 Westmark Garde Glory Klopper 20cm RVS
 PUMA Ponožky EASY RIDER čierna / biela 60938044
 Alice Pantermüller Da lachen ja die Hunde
...
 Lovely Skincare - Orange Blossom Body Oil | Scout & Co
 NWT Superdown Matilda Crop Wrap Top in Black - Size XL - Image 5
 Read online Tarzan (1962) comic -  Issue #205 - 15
--
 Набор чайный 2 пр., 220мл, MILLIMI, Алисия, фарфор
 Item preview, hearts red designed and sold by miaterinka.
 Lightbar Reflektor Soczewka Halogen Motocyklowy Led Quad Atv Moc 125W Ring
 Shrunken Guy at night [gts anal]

* DIRECTIONS *
Take the records above and return, word for word, only the lines that fall from the line with "PUMA Ponožky EASY" to the line with "Alice Pantermüller Da lachen ja die Hunde", both of them included.

* EXERCISE ANSWER *
 PUMA Ponožky EASY RIDER čierna / biela 60938044
 Alice Pantermüller Da lachen ja die Hunde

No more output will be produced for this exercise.